**DIRECTIONS:**
Leaving the pictures aside, restate all of the data exactly.

**GIVEN MATERIAL:**
= Beginning of Section =

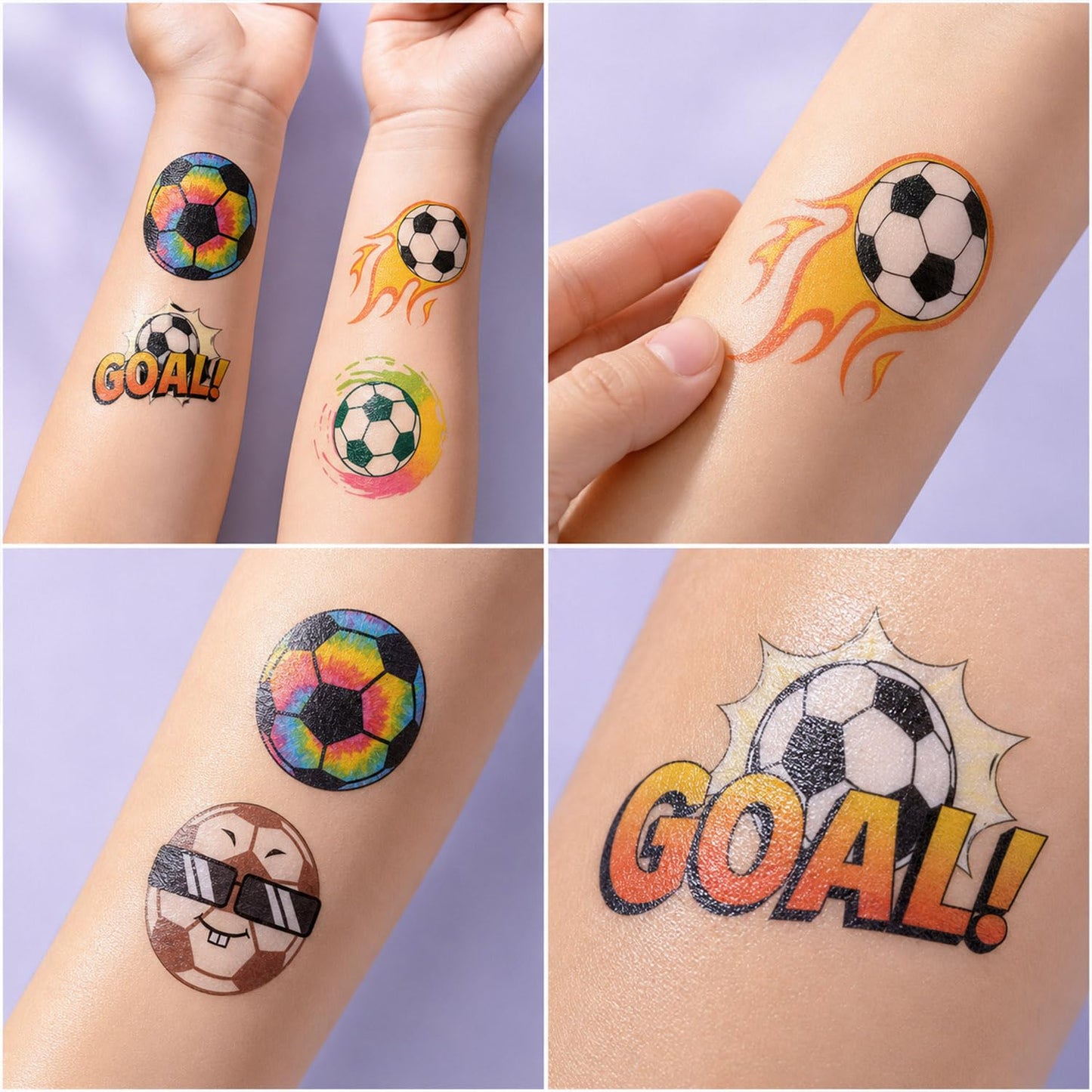 96 PCS Soccer Temporary Tattoos for Kids - Soccer Party Favors &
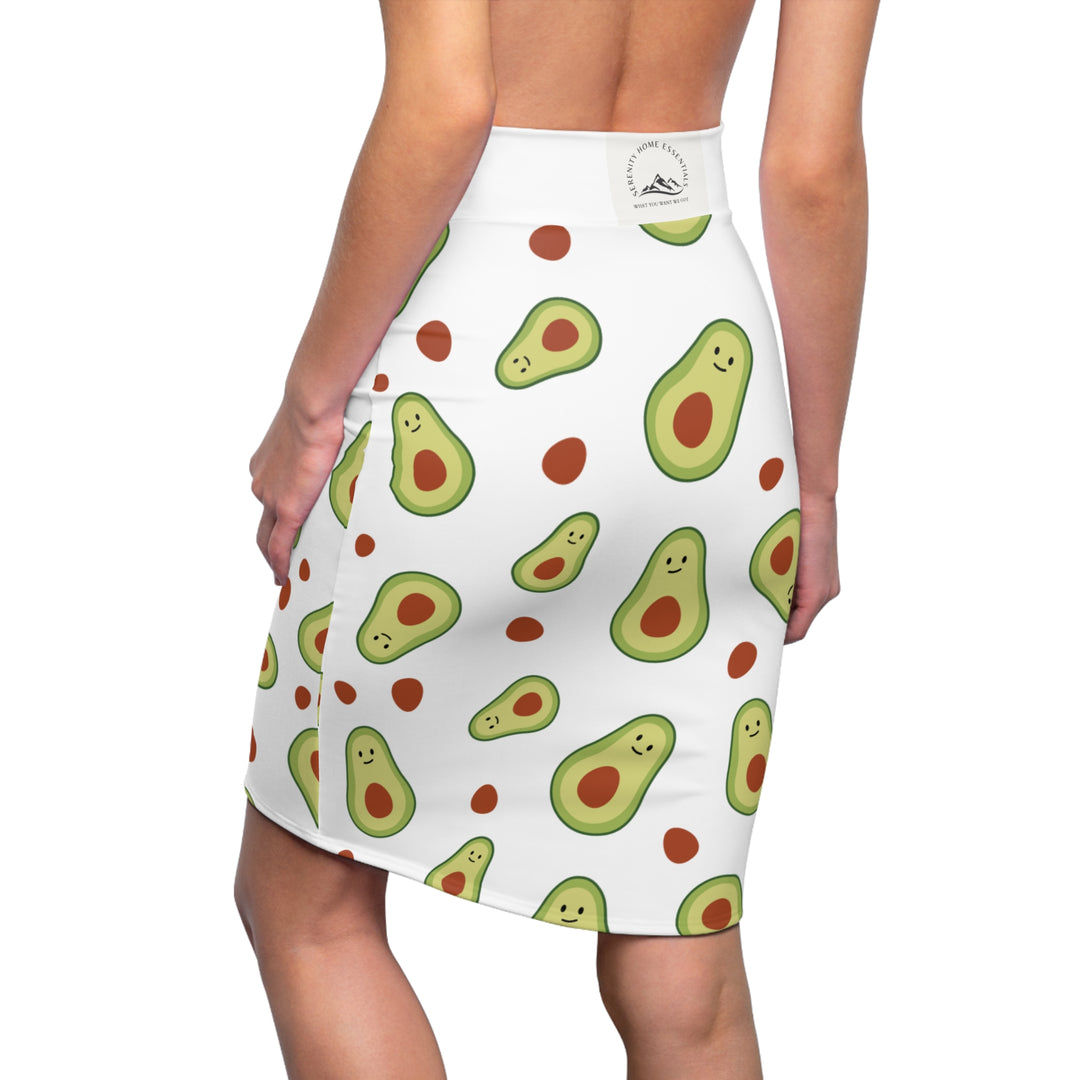 Cute Avocado Pattern Women's Pencil Skirt - Fun, Fashionable, Perfect for Summer!
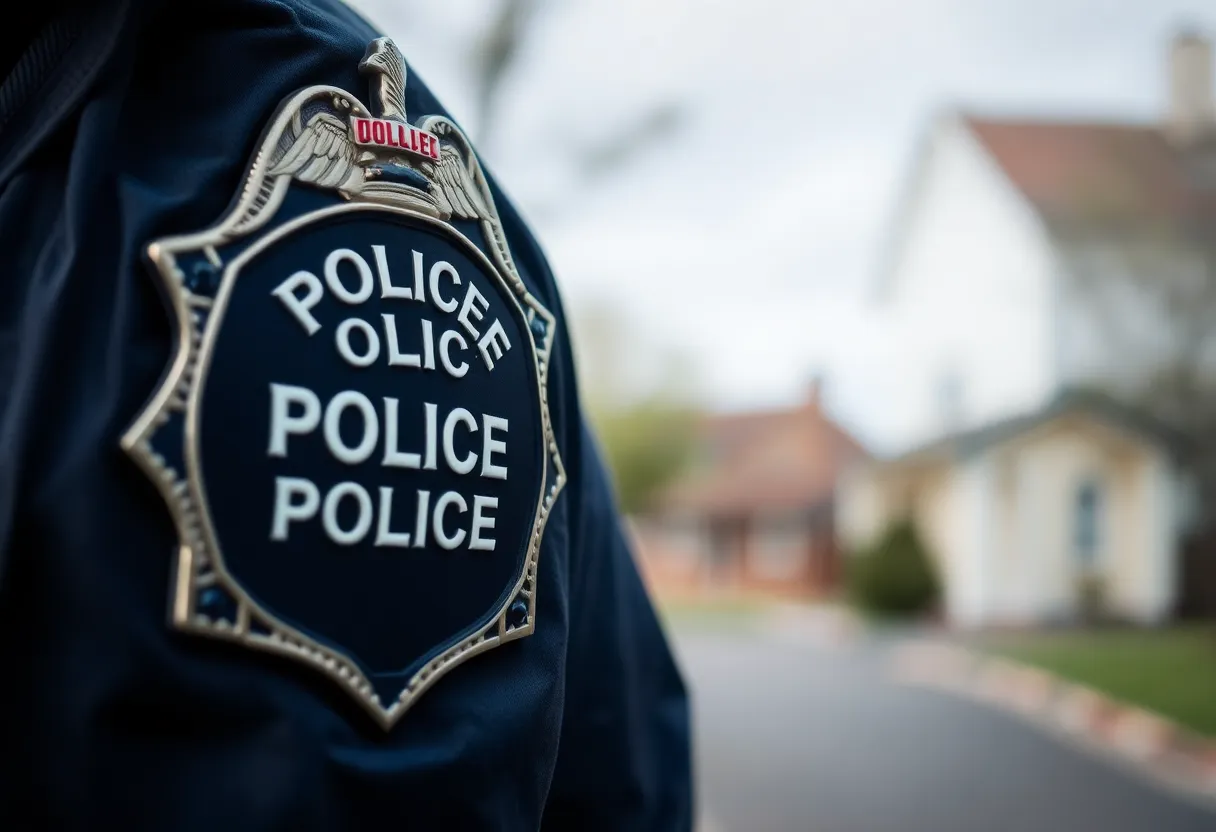 Police badge in a neighborhood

= End of Section =

**RESULT BELOW:**
 96 PCS Soccer Temporary Tattoos for Kids - Soccer Party Favors &
 Cute Avocado Pattern Women's Pencil Skirt - Fun, Fashionable, Perfect for Summer!
 Police badge in a neighborhood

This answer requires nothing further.